The fastest production-ready image resize. Part 0

Hi there. Name’s Alex. I made the fastest image resize for modern x86 processors. I’d like to share my experience hoping I might motivate and inspire you to go optimize things.

My warmest thanks to fellow Pillow contributors for their comments and motivation: Alex Clark, Hugo van Kemenade, Andrew Murray.

Even though this article is mostly for developers, I seek to keep it simple. However, I love tech details, so I’m planning to talk over plenty of those. It doesn’t seem a single article has enough room for that, so I’ll be releasing more. Part 0 is intended to give you the big picture.

Pillow-SIMD is twice faster than Skia; three times faster than IPP; and a lot faster than ImageMagickPillow-SIMD benchmark

I call it “the fastest resize” because every other library I could find and test was slower. I wasn’t building it for fun: I work for Uploadcare and resizing images has always been a practical issue with on-the-fly image processing. With optimizations, Uploadcare now needs six times fewer servers to handle its load than before. Right when I started off, we decided to open the source code. I forked Pillow, a Python image processing library used by Uploadcare, and called the fork Pillow-SIMD.

On average, Pillow-SIMD is currently resizing images 15 times faster than ImageMagick. The lib is also faster than Intel Performance Primitives, low-level building blocks for image processing optimized for a wide range of Intel architectures. And that’s the thing, really: you can optimize the code well only when you’re aware of the architecture of a device running it.

When someone claims he made something unique, there’s always a question of testing. That’s also a part of what I do, so you can always check out the testing results, submit your own data or run your own tests.

The task

Entry conditions are as follows: a photo shot with the latest iPhone takes about 1.37 sec to get resized to 2 MP via Pillow 2.6 with none of the optimizations implemented. This allows to process about 2.5k photos per hour on a single core. And, in the age of responsive designs, you want more.

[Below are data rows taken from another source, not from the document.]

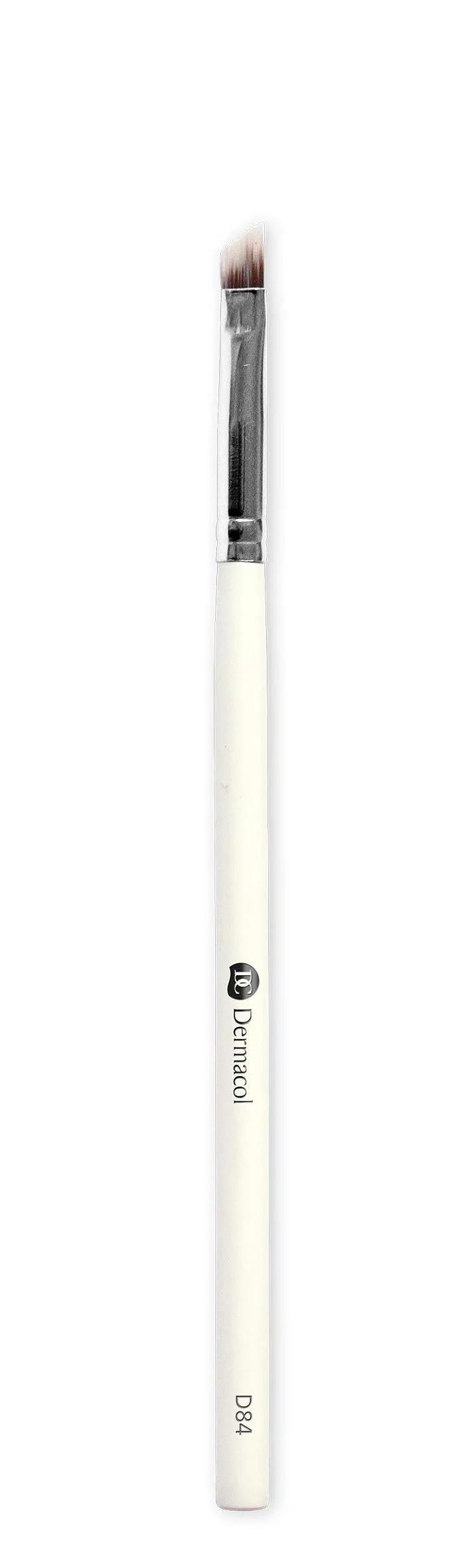 Dermacol Cosmetic brush D84 - eyebrow and eyeliner brush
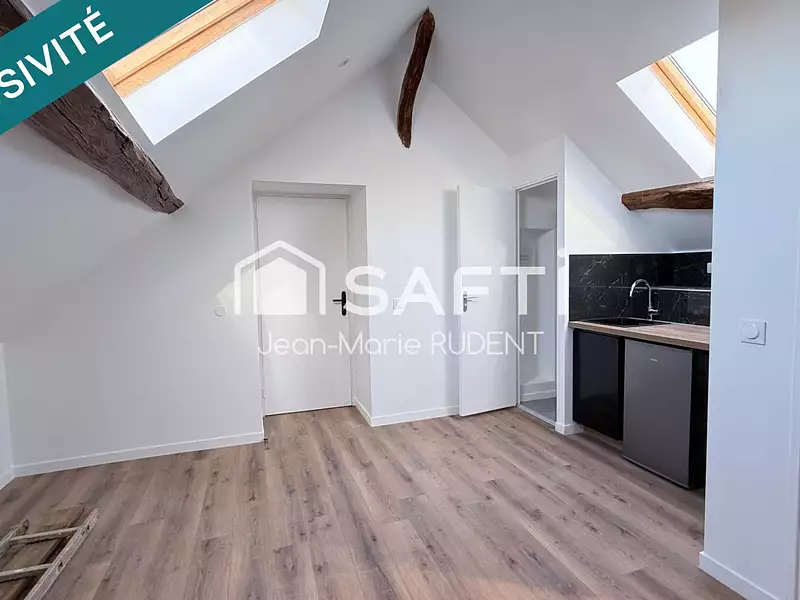 Appartement, 14 m²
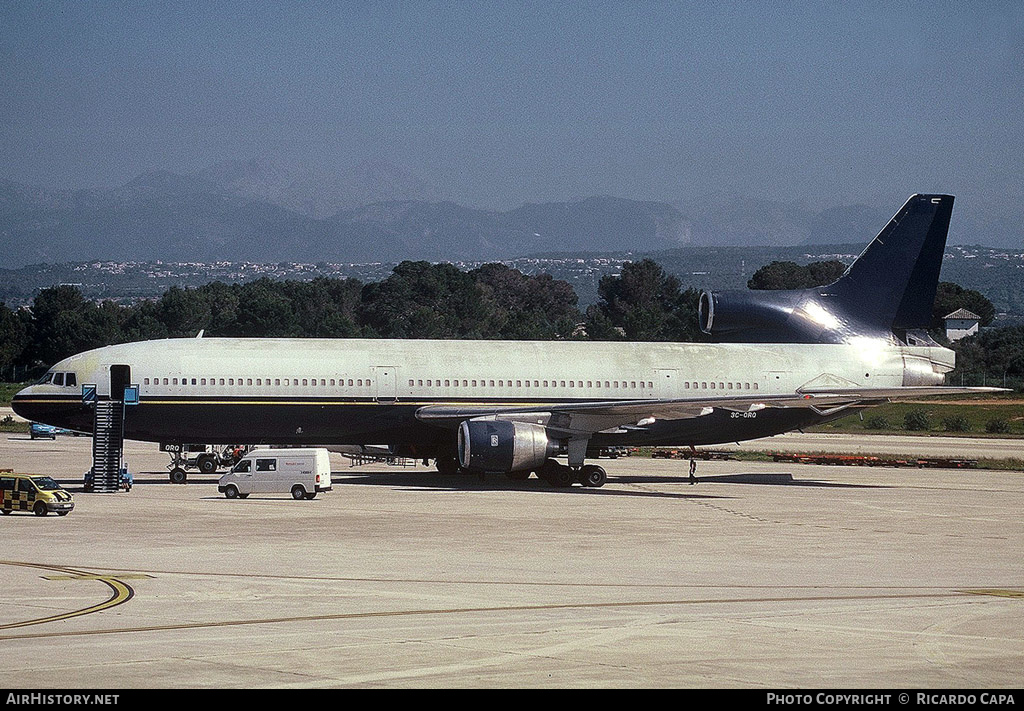 Aircraft Photo of 3C-QRQ | Lockheed L-1011-385-1-14 TriStar 100 | AirHistory.net #234782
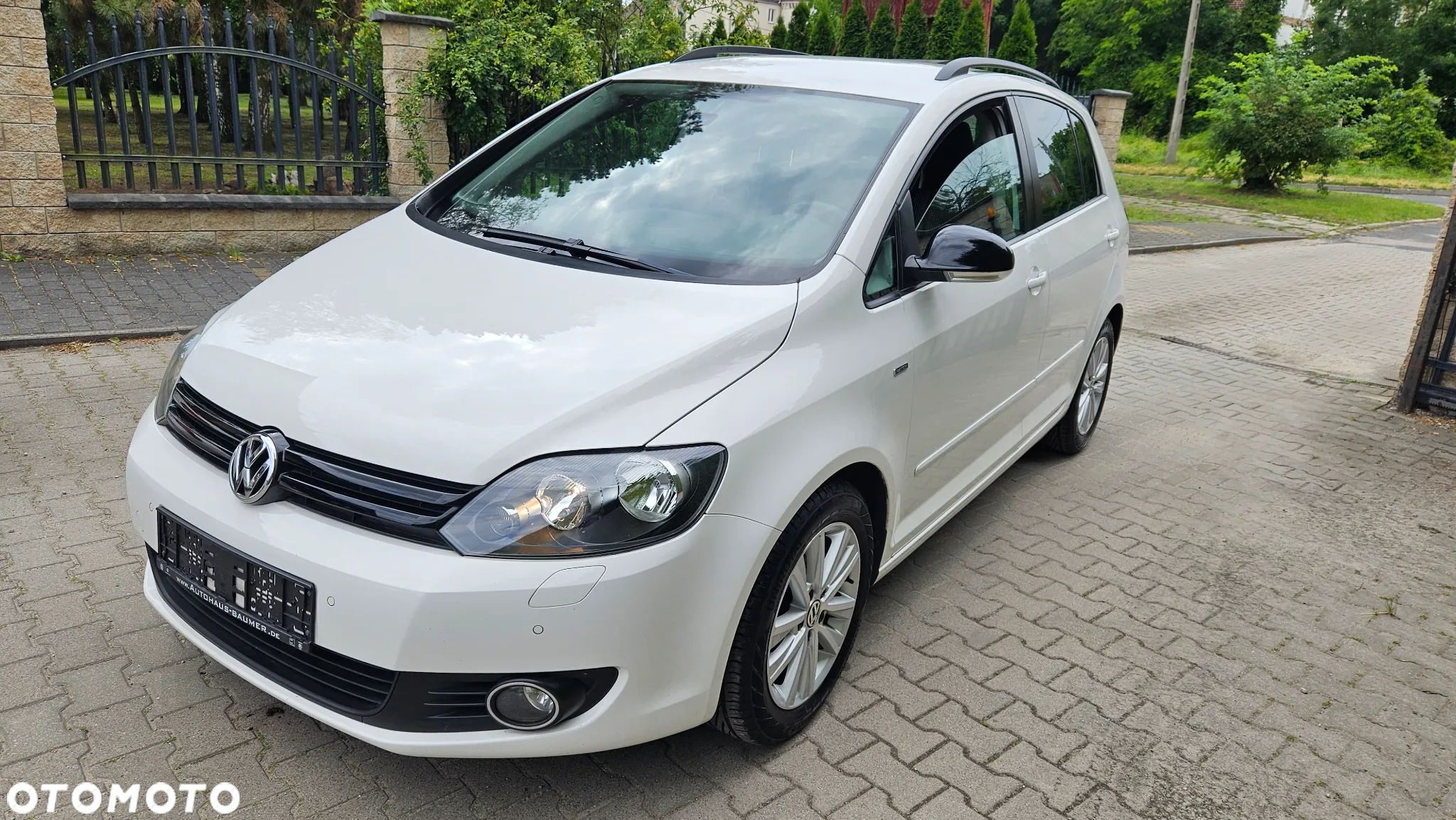 Volkswagen Golf Plus 1.6 TDI DPF MATCH - 6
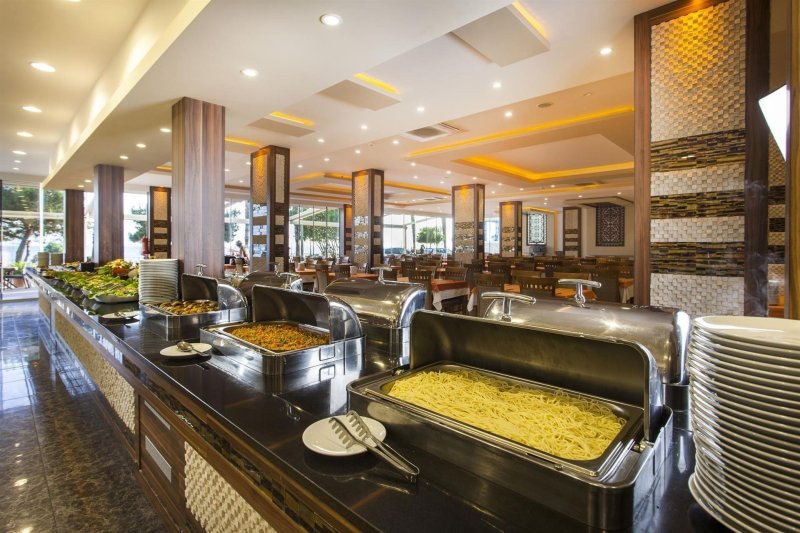 Alanya utazás Kleopatra Ada Beach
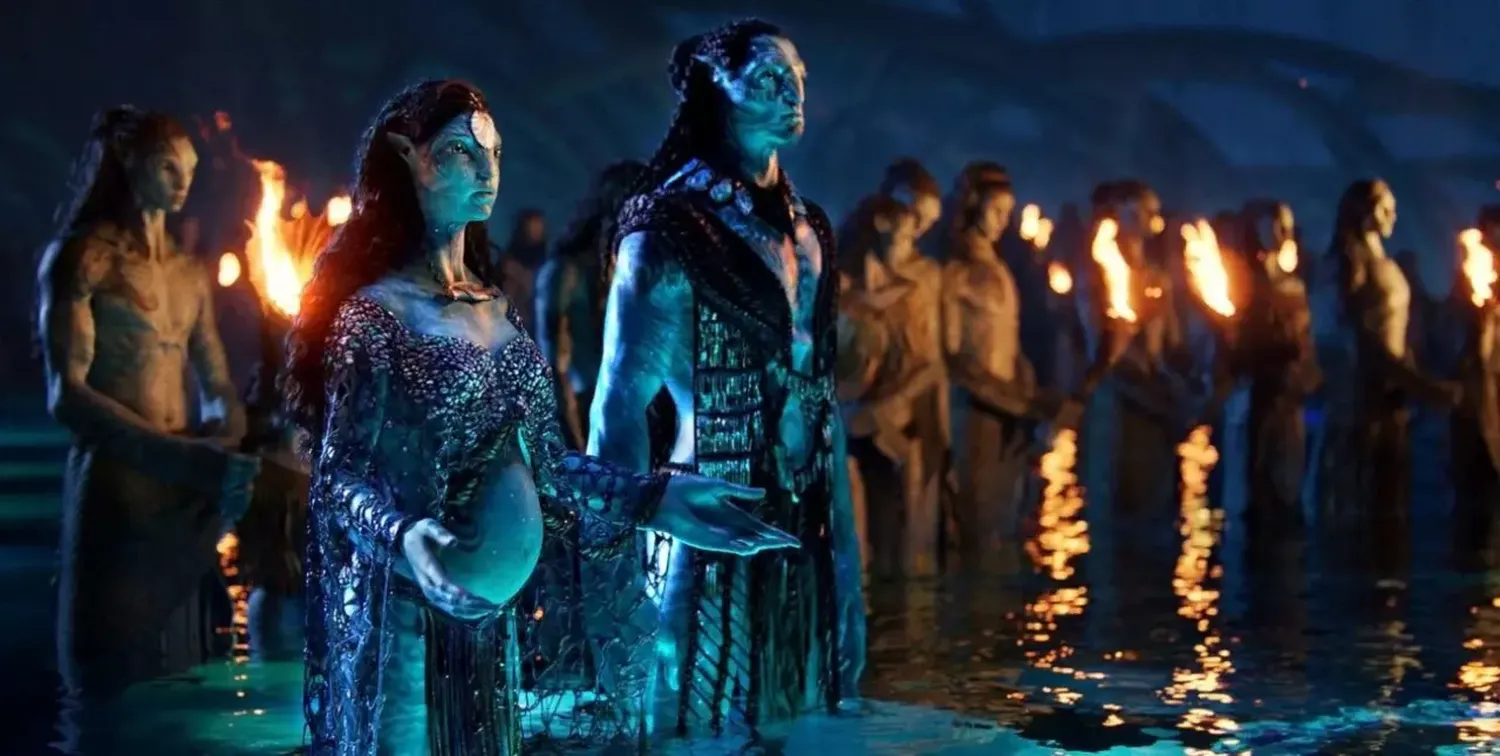 “Avatar: el sentido del agua” ya es la tercera película más taquillera de la historia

Let’s define what “image resize” is. It’s an operation aimed at changing the dimensions of a source image. In many cases, the most suitable way to do that would be convolution-based resampling. It helps preserve the quality of the source image. The drawback of keeping the original quality is the poor performance of that algorithm.

The resampling itself is performed on arrays of 8-bit RGB pixels. All the calculations use data stored in RAM, so we aren’t taking coding/decoding procedures into account. We do account for memory allocation and calculating coefficients needed for operations.

It’s pretty straight-forward. No tricks like decoding a smaller image from a JPEG, no algorithm combinations, just assessing the speed of convolution resampling calculations.

Convolution-based resampling

Let me try and explain how convolution works when resizing images.

Let’s say we’re downscaling an image. In the very beginning, the output is an empty matrix and we’re calculating values to put into its cells. That’s where a “scaling factor” comes in, a ratio of input image dimensions to output image dimensions. Taking the factor into consideration, we can always calculate which pixel from the source image is “closer” to the output pixel. The easiest way is to assign that nearest value to the output.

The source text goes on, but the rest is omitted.